Of course, looking back I realize that a large portion of my “holiday spirit” was actually just the anticipation of wildly rending wrapping paper (and that truly was it; I seem to remember my parents wrapping a few extra boxes with nothing in them just to appease our insatiable urge to unwrap things). As I got older and moved away from the city, the holidays became more about reuniting with the family and the warming glow of friends and festivities.

Christmas WindowIn the last few years, though, Christmas has just stopped… being. It’s stopped being the gigantic pink elephant behind the door that we can’t wait to see, and instead become just another holiday. The clincher this year was my brothers’ decision (made by them without any consultation with the rest of us) that they wouldn’t exchange gifts with the rest of us; just for my parents, and for my nephew. Bah humbug, indeed.

The truth of the matter is, even with the joy that the holidays bring, Christmas makes me feel a little sad. I look back on the innocence and the wide-eyed enthusiasm that I used to have for the season and wonder where that kid has gone. With the increasingly frequent excursions that work undertakes on almost everything else in my life, I haven’t had much time this year to luxuriate in the warmth of the season.
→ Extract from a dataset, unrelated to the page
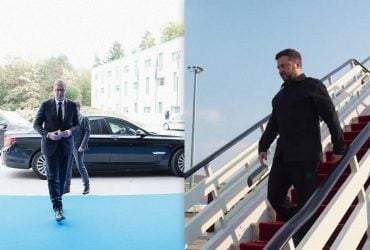Зеленський прибув до Сербії: деталі першого офіційного візиту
The Yule, they are a-changin’

I’m deeply thankful for many things, though, and I suppose that’s what the holidays bring to me more and more each year: appreciation. I’m thankful that I have a wonderful and loving girlfriend and cat family. I thankful for the continuing health and happiness of my parents and the rest of my family, and for the friendships that I’ve made over the years that continue to bring surprise, laughter, and delight. And I’m thankful that I’m gainfully employed, and that I enjoy working in a place where I can make a difference.

Now that I’ve written these things, I realize that it’s not that Christmas has changed; I have. It’s no longer about a two-week buzz of anticipation, and it’s no longer about the gifts or the ripping of wrapping paper. It’s a continuing cycle of happiness, fraternity, and warmth that weaves its way through the entire year, and Christmas is just a day that we allow ourselves to appreciate what we have.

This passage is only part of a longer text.